** Opening Data shown block **

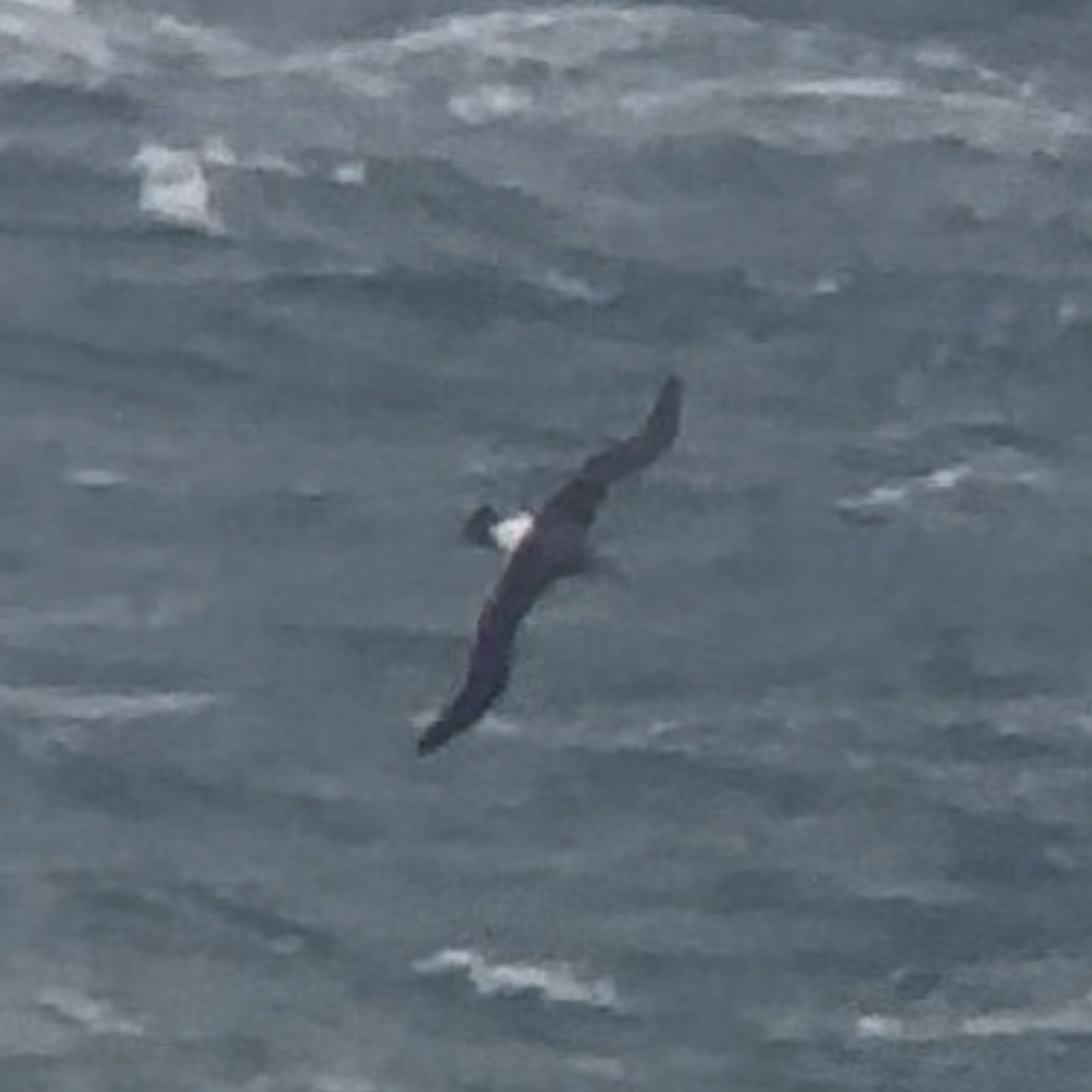 albatross sp. - ML641100929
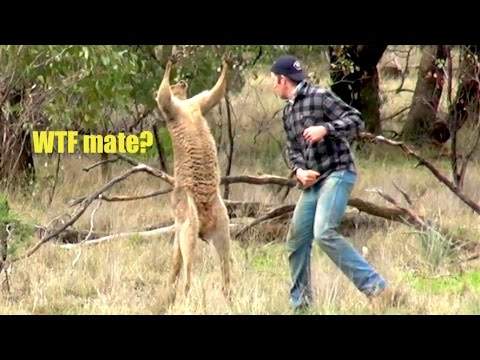 kanga.jpg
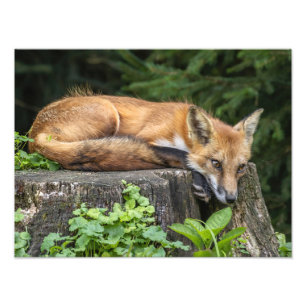 Resting Red Fox Photo Print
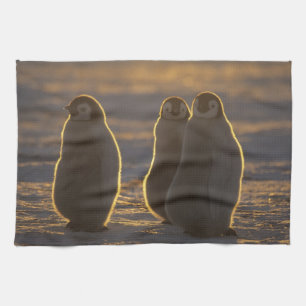 Paño De Cocina Pingüinos emperadores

** Closing Data shown block **

* [What to produce] Only the text of the listing above should be copied, exactly and with pictures left out.

* [Answer to this problem]
 albatross sp. - ML641100929
 kanga.jpg
 Resting Red Fox Photo Print
 Paño De Cocina Pingüinos emperadores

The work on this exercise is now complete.